1923 Lozan'dan bu yana var!.. Sorun, zaman zaman
bu hakkın uygulamada kesintiye uğramasından kaynaklanıyor.
AB Komisyonu üyesi
Verheugen'in Ankara ziyareti tartışmalara yol açıyor. Hemen belirtmek gerek,
Verheugen Ankara'ya
AB sürecinde, Türkiye'nin neler yapması gerektiğine dönük beklentileri içeren bir metin bırakıyor. Ancak, bu metin
son derece dikkatle kaleme alınıyor. Türkiye'nin duyarlıklarını kaşıyan bir metin değil.
Verheugen Ankara'ya
zorluk çıkartmak değil, tersine Türkiye'nin adaylık sürecini kolaylaştırmak için geliyor. Ama bu, hiçbir biçimde
Batı ölçülerinden geri adım atmak anlamına da gelmiyor.
Lozan, "İç hukuk"
Daha gelmeden önce, Verheugen'in ne söyleyeceği ve bir metin getireceği biliniyor. Buna
refleks olmak üzere,
devletin tepesinde zaman zaman zihin jimnastiği yapılıyor.
Kürtçe TV ve Kürtçe yayınlar konusunda.
Burada tarihsel bir gerçek var:
Lozan Antlaşması. Antlaşmanın 39. maddesinin son iki paragrafı aynen şöyle:
"Herhangi bir Türk uyruğunun, gerek özel, gerekse ticaret ilişkilerinde, din, basın ya da her çeşit yayın konularıyla açık toplantılarında, dilediği bir dili kullanmasına karşı hiçbir kısıtlama konulmayacaktır.Devletin resmi dili bulunmasına rağmen, Türkçe'den başka bir dil konuşan Türk uyruklarına, mahkemelerde kendi dillerini sözlü olarak kullanabilmeleri bakımından uygun düşen kolaylıklar sağlanacaktır."
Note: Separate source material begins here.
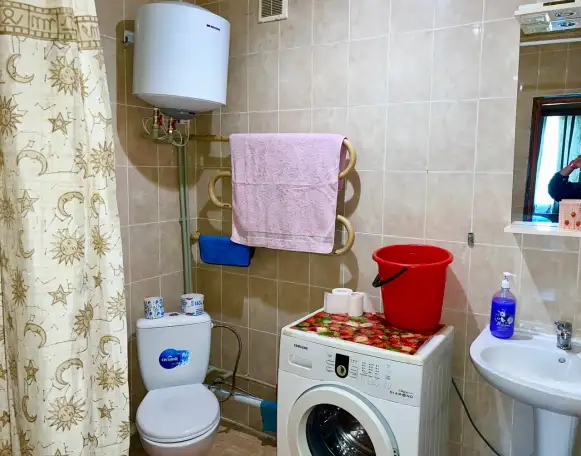 Сдаю 3 ком кв в 14 микрорайоне 3 дом 1 этаж 5 мин до пляжа., фотография 5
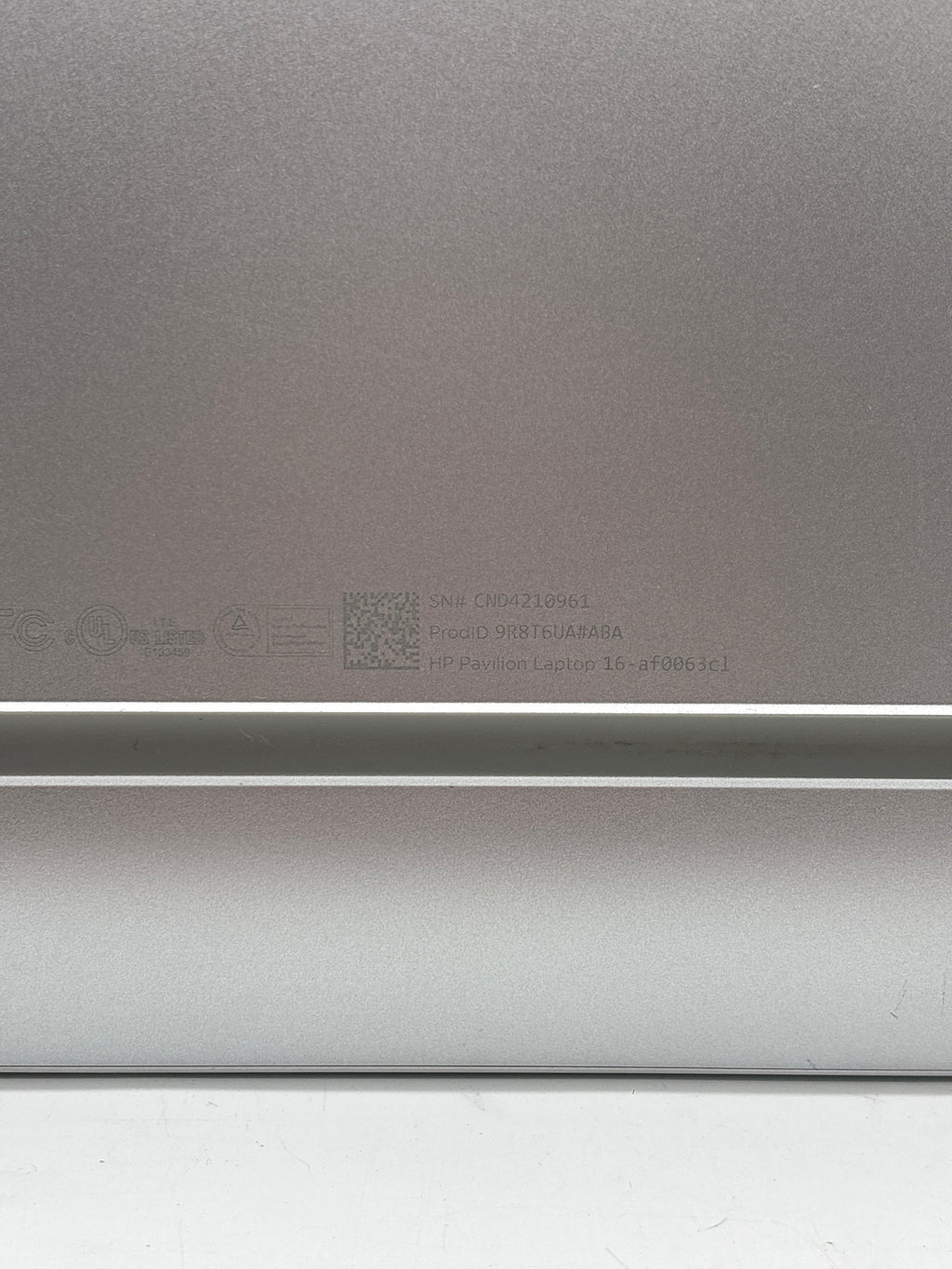 HP Pavilion 16-af0063cl Core 5 120U 16GB RAM 1TB SSD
1923'te imzalanan bu antlaşma TBMM'de onaylanıyor, yani Türkiye'nin
iç hukukuna dönüşüyor.
Terörle sarsılan değerler
Şimdi AB, Lozan'dan hareketle,
bireyin kendi kimliğini geliştirmenin engellenmesine karşı çıkıyor.
Örneğin,
devlet yapmasın ama, nasıl
Japonca özel kursuna devlet izin veriyorsa, Kürtçe kursu için de, herhangi bir kısıtlama konulmasın!..
Örneğin, devlet yapmasın ama,
Kürtçe özel TV açılmasına engel olmasın!..
Lozan o kadar açık ki,
resmi dile rağmen, Türk vatandaşlarının, Türkçe dışında bir dili mahkemelerde bile kullanma hakkı var.
Terör, büyük acılarla birlikte, Türkiye'deki değerleri sarsıyor. Bir karmaşa doğuyor. Her şey yeniden gözden geçiriliyor.
Bu karmaşa, AB sürecinde, ister istemez ön plana çıkıyor. Tatsız olan, sanki AB isteklerinin
sadece bunlarla sınırlı kalması gibi bir yargının belirmesi. Oysa, adaylık
çok kapsamlı Batılı olmak kavramına eşit.